**Data records**
════
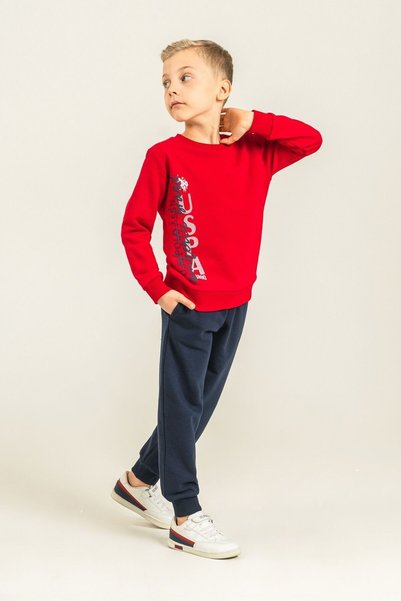 U.S. Polo Assn. U.S. Polo Assn Boys' Long Sleeve Two-Piece Set Red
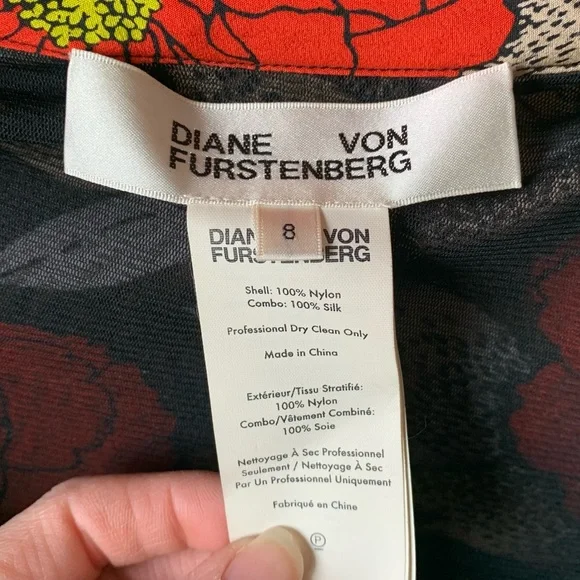 Diane Von Furstenburg single sleeve floral side tie ruched dress - Picture 2 of 9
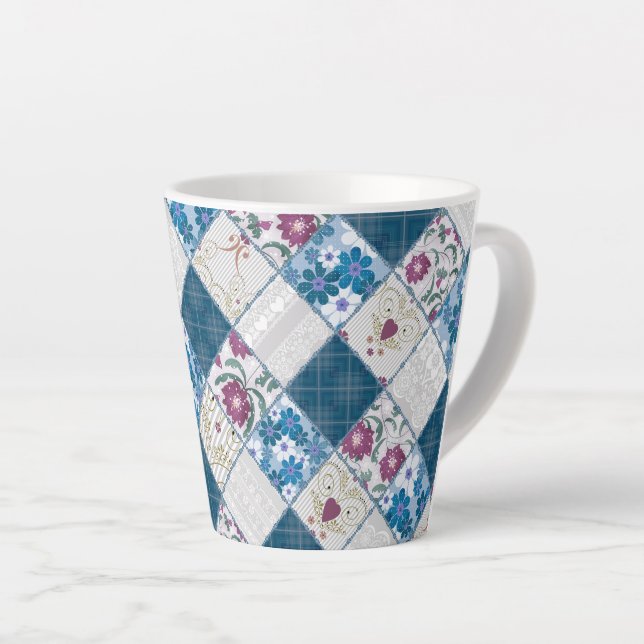 Taza De Café Latte Patrón rústico de moda azul de los desechos de tel (Ángulo derecho)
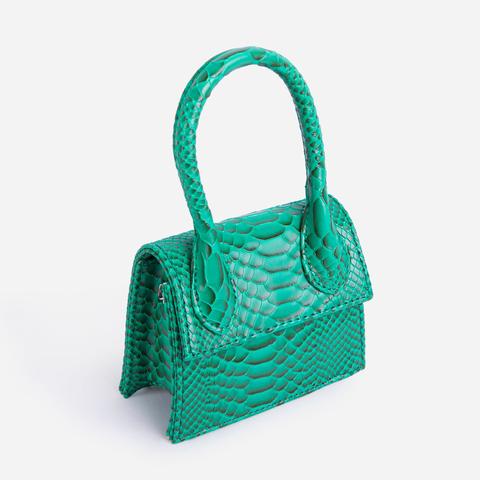 Nellie Super Mini Grab Bag In Textured Green Snake Print Faux Leather,, Green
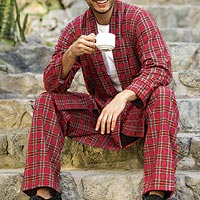 Featured review for Mens cotton flannel robe, High Glen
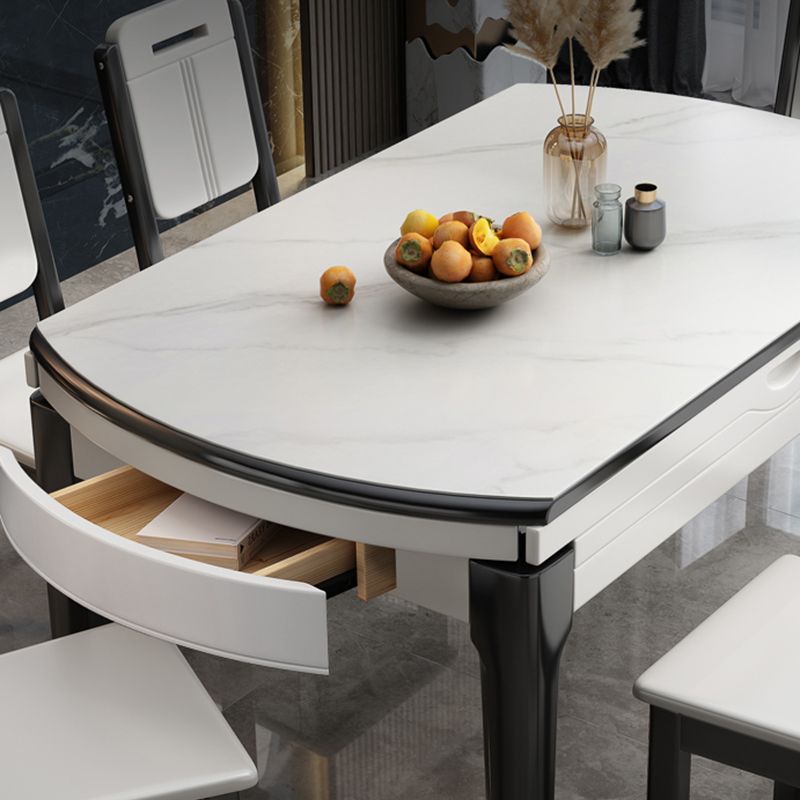 モダンなスタイルの家具1/7/ PCSラウンドストーンダイナーテーブルアームレスチェア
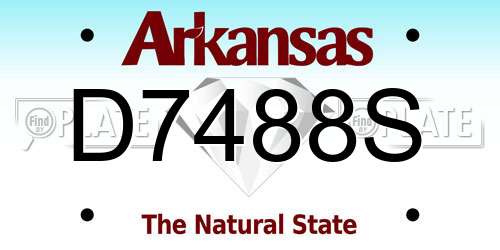 D7488S Arkansas License Plate
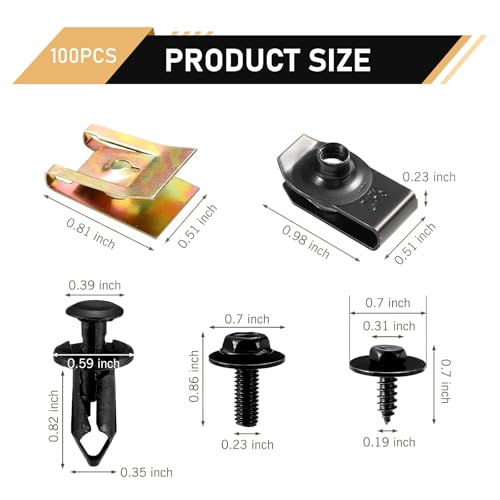 100 PCS Car Body Bolts and Nuts, Anti-Rust U-Clip and Self-Tapping Screw and Snap Nut, 5 Types Fasteners Assortment Kit, Universal for Engine Under Cover Fender Bumper Splash Guard (Black)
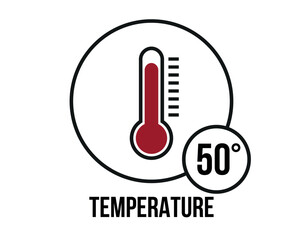 50° C vector. Temperature gauge thermometer design. Climate and weather forecast concept isolated on white background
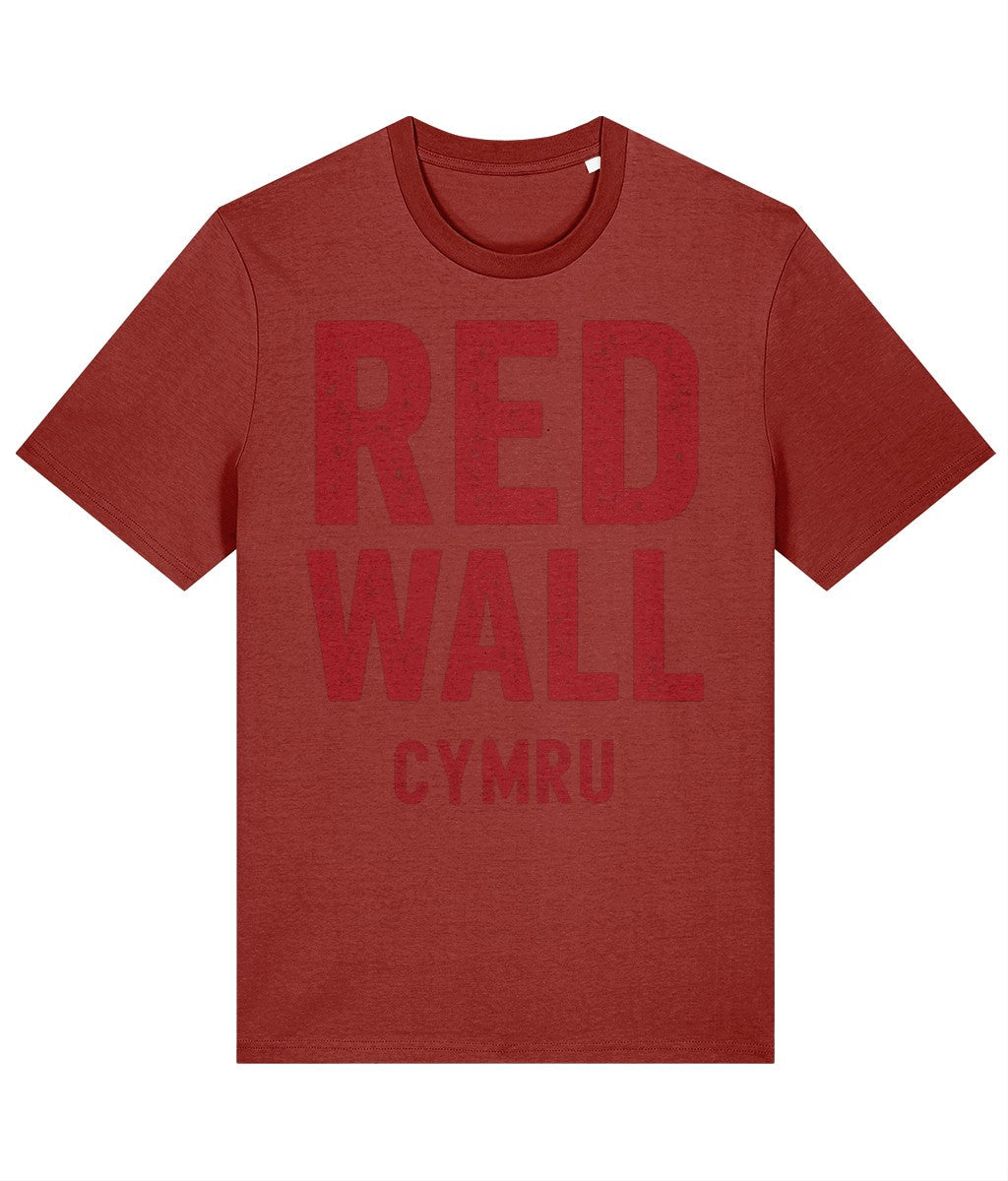 Made in Cymru Red Wall Cymru Welsh T-Shirt in Earthy Red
════
**Problem to solve**
Set the records down again exactly as given, and leave the pictures out.

**Response to the task**
 U.S. Polo Assn. U.S. Polo Assn Boys' Long Sleeve Two-Piece Set Red
 Diane Von Furstenburg single sleeve floral side tie ruched dress - Picture 2 of 9
 Taza De Café Latte Patrón rústico de moda azul de los desechos de tel (Ángulo derecho)
 Nellie Super Mini Grab Bag In Textured Green Snake Print Faux Leather,, Green
 Featured review for Mens cotton flannel robe, High Glen
 モダンなスタイルの家具1/7/ PCSラウンドストーンダイナーテーブルアームレスチェア
 D7488S Arkansas License Plate
 100 PCS Car Body Bolts and Nuts, Anti-Rust U-Clip and Self-Tapping Screw and Snap Nut, 5 Types Fasteners Assortment Kit, Universal for Engine Under Cover Fender Bumper Splash Guard (Black)
 50° C vector. Temperature gauge thermometer design. Climate and weather forecast concept isolated on white background
 Made in Cymru Red Wall Cymru Welsh T-Shirt in Earthy Red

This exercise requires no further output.